**Assigned task:** Keep to one stretch of the data below, the lines from the one with "7월 a4 수가 조정.png" up to and including the one with "Наш телеграм-канал в комментариях 👇", and return that stretch exactly.

**Exercise input:**
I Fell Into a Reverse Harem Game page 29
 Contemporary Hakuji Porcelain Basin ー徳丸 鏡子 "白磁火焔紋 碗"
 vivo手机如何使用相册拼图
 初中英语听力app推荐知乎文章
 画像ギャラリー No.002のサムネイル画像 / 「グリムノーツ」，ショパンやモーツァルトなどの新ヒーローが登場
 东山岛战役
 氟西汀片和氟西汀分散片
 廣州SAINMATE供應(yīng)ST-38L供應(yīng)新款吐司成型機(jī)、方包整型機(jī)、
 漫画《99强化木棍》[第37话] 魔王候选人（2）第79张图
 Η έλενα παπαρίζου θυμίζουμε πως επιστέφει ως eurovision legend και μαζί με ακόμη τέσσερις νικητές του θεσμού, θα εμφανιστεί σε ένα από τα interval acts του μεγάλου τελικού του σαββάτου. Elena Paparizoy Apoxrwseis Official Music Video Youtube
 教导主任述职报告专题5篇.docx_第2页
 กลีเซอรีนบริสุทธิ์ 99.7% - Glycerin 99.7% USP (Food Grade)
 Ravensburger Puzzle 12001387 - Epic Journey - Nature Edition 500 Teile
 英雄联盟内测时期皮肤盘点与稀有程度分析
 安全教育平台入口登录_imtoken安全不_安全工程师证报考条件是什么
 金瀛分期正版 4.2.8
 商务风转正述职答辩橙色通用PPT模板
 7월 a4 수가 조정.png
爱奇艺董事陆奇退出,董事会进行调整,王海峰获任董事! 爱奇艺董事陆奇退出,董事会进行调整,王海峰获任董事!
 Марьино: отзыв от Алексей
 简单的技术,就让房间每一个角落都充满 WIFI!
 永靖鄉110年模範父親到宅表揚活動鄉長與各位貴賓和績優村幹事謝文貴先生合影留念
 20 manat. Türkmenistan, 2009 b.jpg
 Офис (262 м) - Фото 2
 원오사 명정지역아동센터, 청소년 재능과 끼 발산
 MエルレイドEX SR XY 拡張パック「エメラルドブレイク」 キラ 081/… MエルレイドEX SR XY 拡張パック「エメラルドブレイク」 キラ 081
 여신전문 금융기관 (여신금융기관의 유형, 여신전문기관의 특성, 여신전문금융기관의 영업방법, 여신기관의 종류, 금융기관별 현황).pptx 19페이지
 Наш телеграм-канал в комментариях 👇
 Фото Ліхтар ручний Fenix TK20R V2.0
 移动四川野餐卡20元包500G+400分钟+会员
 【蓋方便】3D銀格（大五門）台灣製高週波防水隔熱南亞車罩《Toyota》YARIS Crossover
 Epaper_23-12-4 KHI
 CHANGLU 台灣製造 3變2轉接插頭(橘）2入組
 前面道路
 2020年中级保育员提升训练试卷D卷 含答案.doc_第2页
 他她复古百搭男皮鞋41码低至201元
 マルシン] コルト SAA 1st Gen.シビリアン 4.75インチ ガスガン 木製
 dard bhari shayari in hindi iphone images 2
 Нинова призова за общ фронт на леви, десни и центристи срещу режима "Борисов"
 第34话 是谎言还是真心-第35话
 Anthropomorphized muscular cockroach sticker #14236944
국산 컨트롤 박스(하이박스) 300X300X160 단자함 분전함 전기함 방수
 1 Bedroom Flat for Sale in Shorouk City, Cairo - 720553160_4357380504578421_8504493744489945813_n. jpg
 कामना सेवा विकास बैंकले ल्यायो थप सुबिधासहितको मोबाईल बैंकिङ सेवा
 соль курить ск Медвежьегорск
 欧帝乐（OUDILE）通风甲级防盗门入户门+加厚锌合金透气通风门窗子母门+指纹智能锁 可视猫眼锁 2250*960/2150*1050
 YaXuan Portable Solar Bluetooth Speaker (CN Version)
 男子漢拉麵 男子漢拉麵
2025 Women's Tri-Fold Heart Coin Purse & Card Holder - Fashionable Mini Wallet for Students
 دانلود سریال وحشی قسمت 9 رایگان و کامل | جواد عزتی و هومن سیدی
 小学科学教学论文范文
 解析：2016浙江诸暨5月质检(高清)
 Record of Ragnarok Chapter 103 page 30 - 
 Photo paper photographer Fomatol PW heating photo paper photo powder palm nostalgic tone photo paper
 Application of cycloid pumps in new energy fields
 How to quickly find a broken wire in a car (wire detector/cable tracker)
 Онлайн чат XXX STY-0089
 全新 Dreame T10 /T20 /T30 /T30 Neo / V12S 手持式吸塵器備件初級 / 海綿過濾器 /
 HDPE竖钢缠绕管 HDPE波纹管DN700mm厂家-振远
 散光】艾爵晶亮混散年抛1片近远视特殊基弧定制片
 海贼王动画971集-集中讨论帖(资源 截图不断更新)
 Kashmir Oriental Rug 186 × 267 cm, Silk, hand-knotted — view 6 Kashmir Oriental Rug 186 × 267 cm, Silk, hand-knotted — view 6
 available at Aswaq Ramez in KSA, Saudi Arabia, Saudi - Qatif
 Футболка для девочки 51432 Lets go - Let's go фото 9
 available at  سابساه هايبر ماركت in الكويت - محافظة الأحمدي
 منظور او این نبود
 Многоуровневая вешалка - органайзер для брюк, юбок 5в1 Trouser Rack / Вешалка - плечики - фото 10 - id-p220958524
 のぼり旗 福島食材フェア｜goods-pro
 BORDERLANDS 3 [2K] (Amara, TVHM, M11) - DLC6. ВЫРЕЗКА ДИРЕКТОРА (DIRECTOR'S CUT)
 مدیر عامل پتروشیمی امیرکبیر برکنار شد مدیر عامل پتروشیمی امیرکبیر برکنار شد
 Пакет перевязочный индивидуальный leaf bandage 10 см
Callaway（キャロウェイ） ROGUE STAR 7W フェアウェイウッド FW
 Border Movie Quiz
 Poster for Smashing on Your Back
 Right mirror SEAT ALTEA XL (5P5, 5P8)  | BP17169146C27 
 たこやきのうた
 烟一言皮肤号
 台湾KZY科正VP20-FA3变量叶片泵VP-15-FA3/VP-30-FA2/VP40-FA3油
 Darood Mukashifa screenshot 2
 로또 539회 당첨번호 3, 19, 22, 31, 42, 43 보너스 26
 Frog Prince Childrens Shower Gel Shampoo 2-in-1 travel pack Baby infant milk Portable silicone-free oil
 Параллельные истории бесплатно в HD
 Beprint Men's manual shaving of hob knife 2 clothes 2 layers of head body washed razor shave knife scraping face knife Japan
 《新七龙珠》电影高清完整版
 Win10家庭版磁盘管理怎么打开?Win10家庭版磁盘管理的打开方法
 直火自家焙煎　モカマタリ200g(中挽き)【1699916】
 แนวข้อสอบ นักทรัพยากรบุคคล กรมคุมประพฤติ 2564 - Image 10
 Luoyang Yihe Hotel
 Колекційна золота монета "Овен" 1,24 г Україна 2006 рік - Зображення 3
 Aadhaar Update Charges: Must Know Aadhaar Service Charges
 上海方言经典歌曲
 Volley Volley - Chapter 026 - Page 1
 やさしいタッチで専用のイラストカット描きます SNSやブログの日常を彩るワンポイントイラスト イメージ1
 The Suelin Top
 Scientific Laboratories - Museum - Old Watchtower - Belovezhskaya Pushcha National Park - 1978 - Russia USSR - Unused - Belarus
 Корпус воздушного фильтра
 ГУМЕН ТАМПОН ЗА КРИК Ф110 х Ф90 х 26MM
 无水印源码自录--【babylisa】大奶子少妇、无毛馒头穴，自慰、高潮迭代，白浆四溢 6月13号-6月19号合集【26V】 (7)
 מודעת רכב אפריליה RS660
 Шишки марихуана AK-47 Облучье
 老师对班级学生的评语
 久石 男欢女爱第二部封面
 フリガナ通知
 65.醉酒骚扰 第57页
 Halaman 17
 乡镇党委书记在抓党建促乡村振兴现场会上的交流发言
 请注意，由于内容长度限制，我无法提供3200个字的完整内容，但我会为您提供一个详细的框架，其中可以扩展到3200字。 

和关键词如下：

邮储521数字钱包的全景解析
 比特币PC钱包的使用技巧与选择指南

**Answer space:**
 7월 a4 수가 조정.png
爱奇艺董事陆奇退出,董事会进行调整,王海峰获任董事! 爱奇艺董事陆奇退出,董事会进行调整,王海峰获任董事!
 Марьино: отзыв от Алексей
 简单的技术,就让房间每一个角落都充满 WIFI!
 永靖鄉110年模範父親到宅表揚活動鄉長與各位貴賓和績優村幹事謝文貴先生合影留念
 20 manat. Türkmenistan, 2009 b.jpg
 Офис (262 м) - Фото 2
 원오사 명정지역아동센터, 청소년 재능과 끼 발산
 MエルレイドEX SR XY 拡張パック「エメラルドブレイク」 キラ 081/… MエルレイドEX SR XY 拡張パック「エメラルドブレイク」 キラ 081
 여신전문 금융기관 (여신금융기관의 유형, 여신전문기관의 특성, 여신전문금융기관의 영업방법, 여신기관의 종류, 금융기관별 현황).pptx 19페이지
 Наш телеграм-канал в комментариях 👇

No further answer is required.